The newspaper said hundreds of such arrangements exist, including many involving senior NIH officials.
Among other examples, the newspaper cited Stephen I. Katz, director of the National Institute of Arthritis and Musculoskeletal and Skin Diseases, who was a paid consultant to a drug company at the same time the institute he supervises was testing one of the company’s drugs on patients. In June 1999, one of the patients died from the experimental treatment.
The newspaper questioned whether Dr. Katz’s “dual role” had influenced his decision not to halt the study immediately or to warn other doctors about potential dangers. Dr. Katz told the Times that his consulting arrangement had not been a factor in his decision.
In a letter sent to the NIH on Monday, Reps. James C. Greenwood and W.J. (Billy) Tauzin requested copies of all consulting arrangements between NIH employees and drug companies since January 1999, as well as a list of all NIH grants made to companies holding such arrangements with NIH employees.
They also requested information about a 1995 memorandum from the NIH’s director at the time, Harold E. Varmus, that rescinded the institutes’ prior policy of barring NIH scientists from receiving payments from companies, according to the Times.
Representative Tauzin, a Republican from Louisiana, is chairman of the House Energy and Commerce Committee; Representative Greenwood, a Republican from Pennsylvania, heads that committee’s Oversight and Investigations Subcommittee. Since June, the committee has also been investigating the NIH’s practice of allowing its scientists to receive cash payments for lectures from companies that do business with the institutes.
Congressional scrutiny of the NIH has picked up in 2003, the final year of a five-year effort to double the agency’s budget. Members of Congress have criticized some NIH officials for appearing to steer grants to favored recipients, and have questioned whether the huge influx of funds has been well managed and well spent.
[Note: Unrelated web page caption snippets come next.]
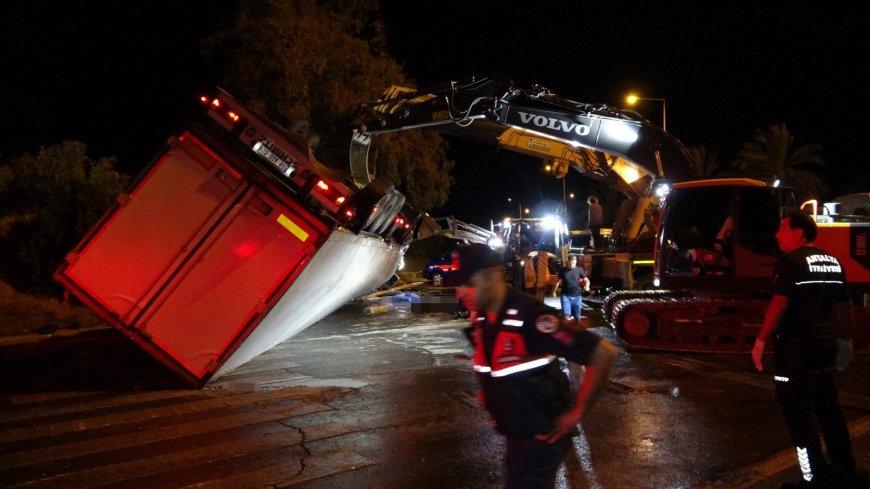 Manavgat’ta feci kaza: Devrilen tırın altında kalan 2 kişi hayatını kaybetti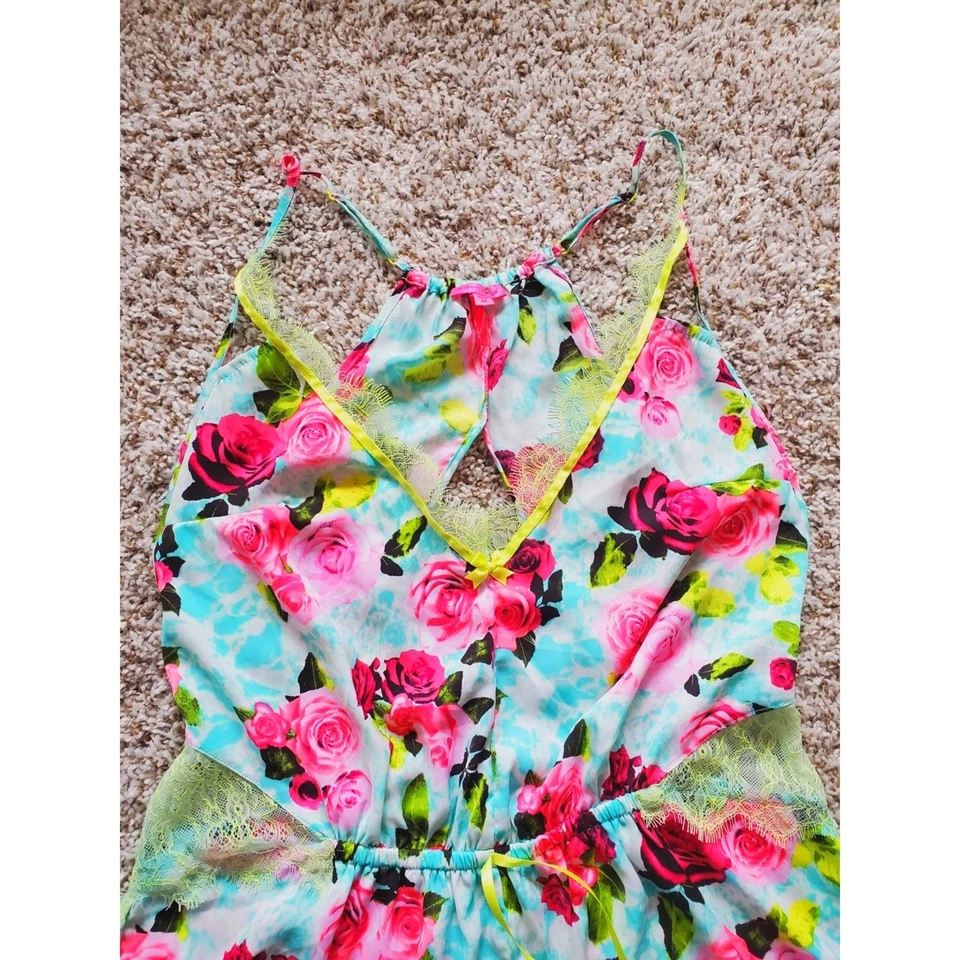 Macacão Betsey Johnson Feminino Multicolorido Floral Halter Back Decote V M - Imagem 3 de 4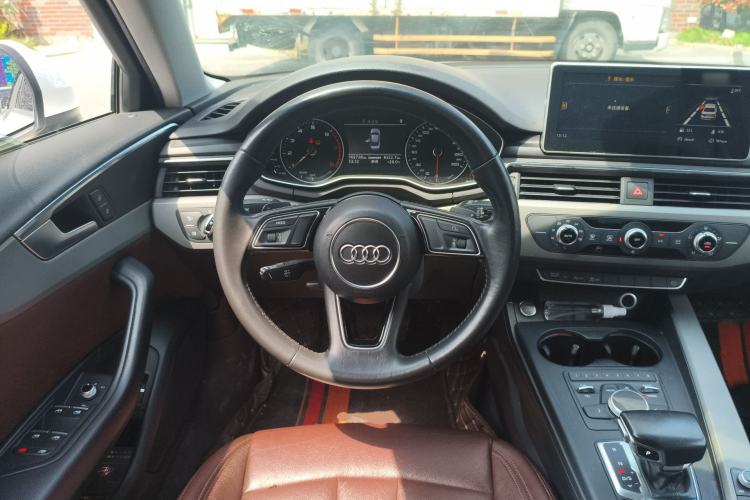 Used Audi A4L 2017 Plus 40 TFSI Ambition Model Steering Wheel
An NIH spokesman, John Burklow, said on Tuesday that the agency’s director, Elias A. Zerhouni, had ordered an immediate review of all consulting relationships, dating back five years, to ensure that all rules were followed and “that the activities are in the best interest of the public.” Mr. Burklow said that questions raised about the NIH’s management of conflicts of interest were a concern and that allegations raised in the article would be “vigorously investigated.”
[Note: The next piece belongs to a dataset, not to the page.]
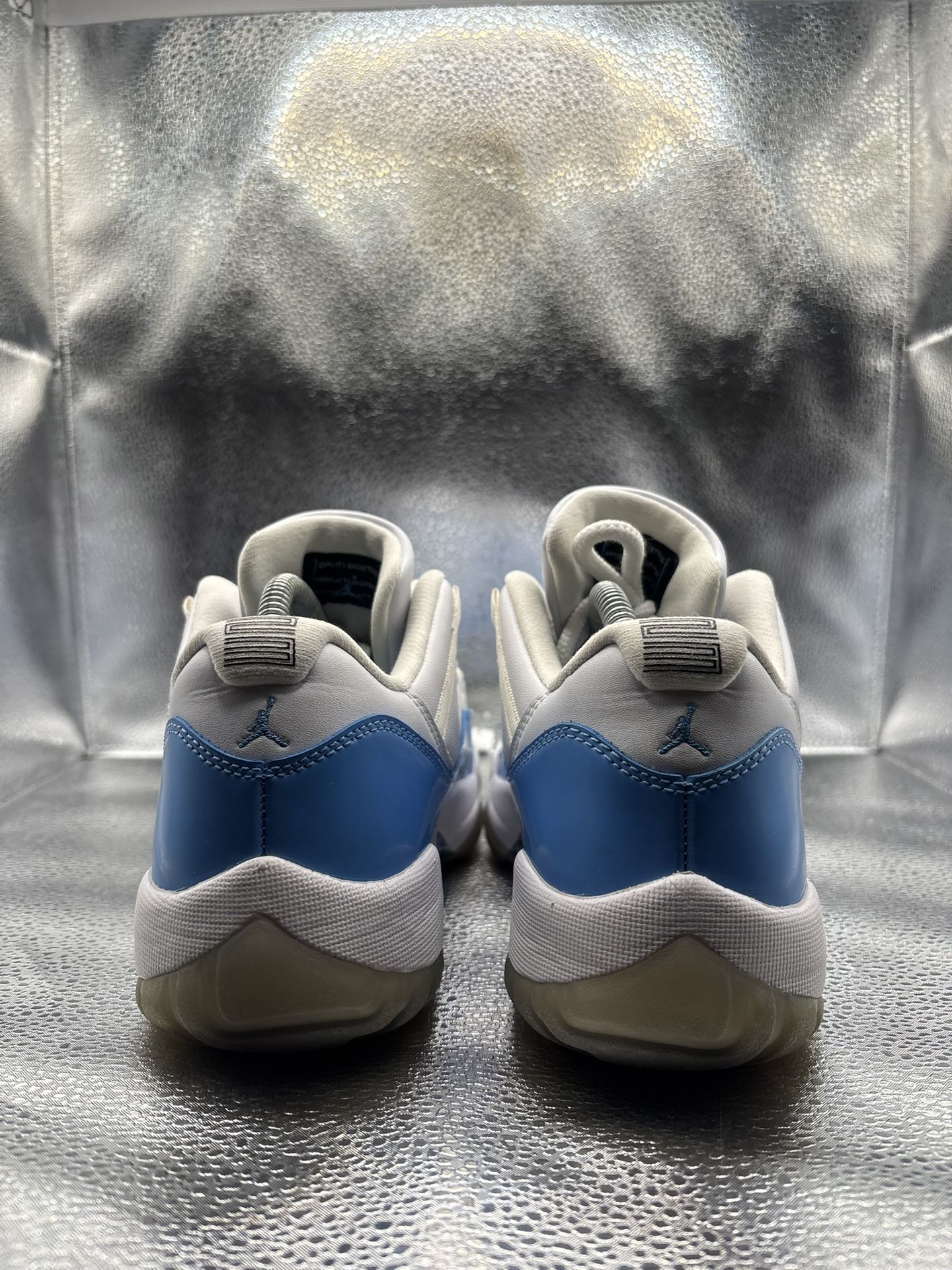 Air Jordan 11 Low UNC - photo 4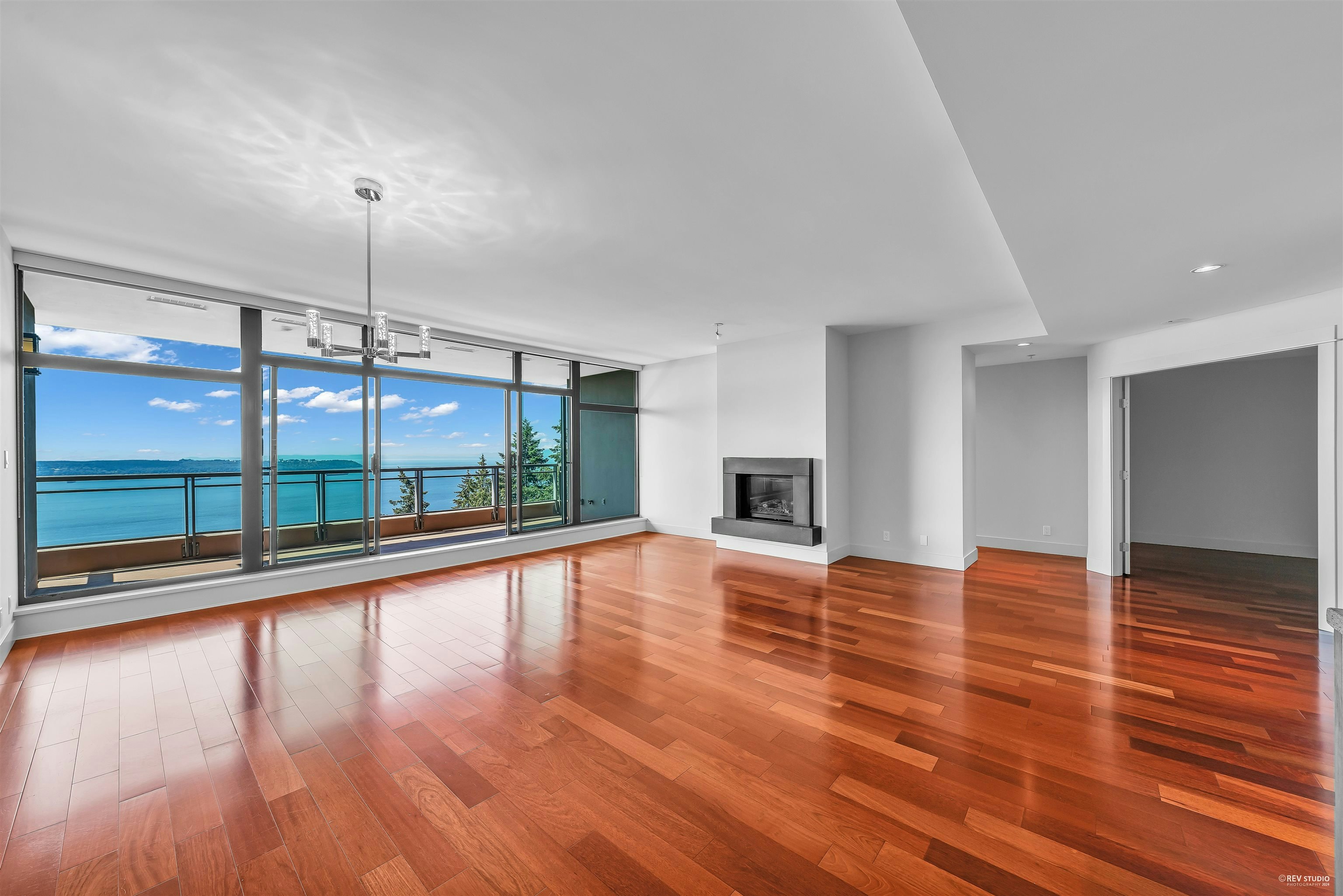 1102-3355 Cypress Place, West Vancouver, BC, V7S 3J9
In addition, he said Dr. Zerhouni would soon convene a committee of outside experts to advise him on managing outside consulting relationships of NIH employees.
Mr. Burklow said officials believed that NIH employees had been abiding by all current rules but that “it is clear” that some changes in policy might be called for “after a thoughtful analysis of the issues.”
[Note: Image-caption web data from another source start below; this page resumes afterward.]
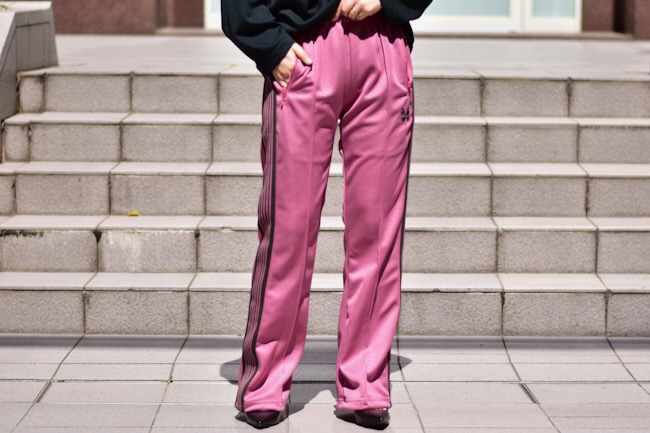 NEEDLES/ニードルズ Boot Cut Track Pant - Poly Smooth [Smoke Pink ...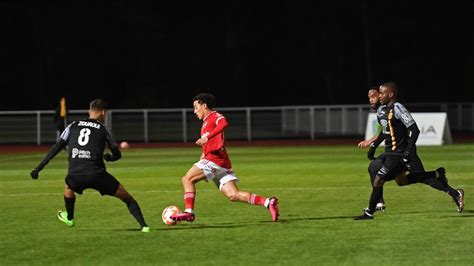 Football National Le So Cholet Partage Les Points Au Puy En Velay 1 1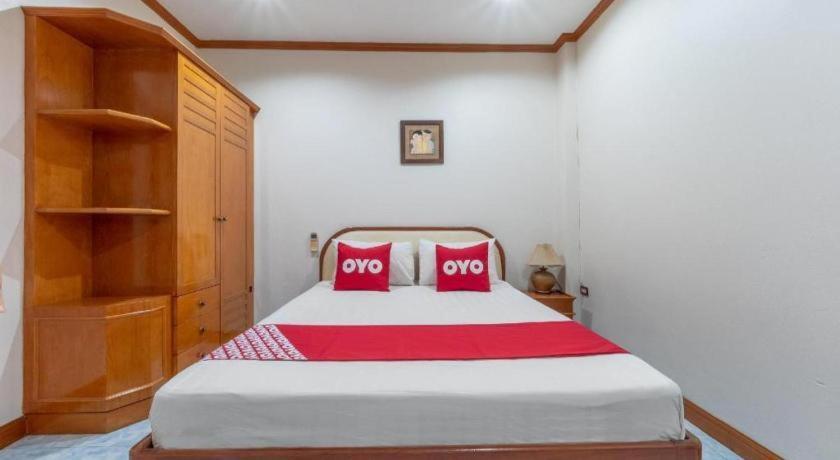 OYO 1125 Chokdee Inn Pattaya Buitenkant foto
The Times, which began investigating conflicts of interest at the NIH in late 1998, found several examples involving top NIH officials who received payment from companies while also overseeing institute research that involved those companies.
The newspaper also found that many NIH scientists were able to keep the details of their arrangements secret because of how the agency interprets a disclosure policy. Under U.S. law, all federal employees earning more than $102,168 are required to file detailed disclosure forms on their outside income. The Times said that only 6 percent of the NIH’s 2,259 employees who earned that much had filed the required form.
Most file a different disclosure form, which can be kept confidential, because the institutes follow a 1998 legal opinion from the U.S. Office of Government Ethics that says the threshold for public disclosure is not an employee’s actual salary but the low end of his or her pay scale. According to the Times, “The NIH has shifted many of its high-salaried employees into pay plans that dip below the threshold.” The newspaper said that from 1997 to 2002, the number of NIH employees who filed public reports on their outside income dropped by about 64 percent.
Representatives Greenwood and Tauzin have also said they plan to scrutinize that legal opinion.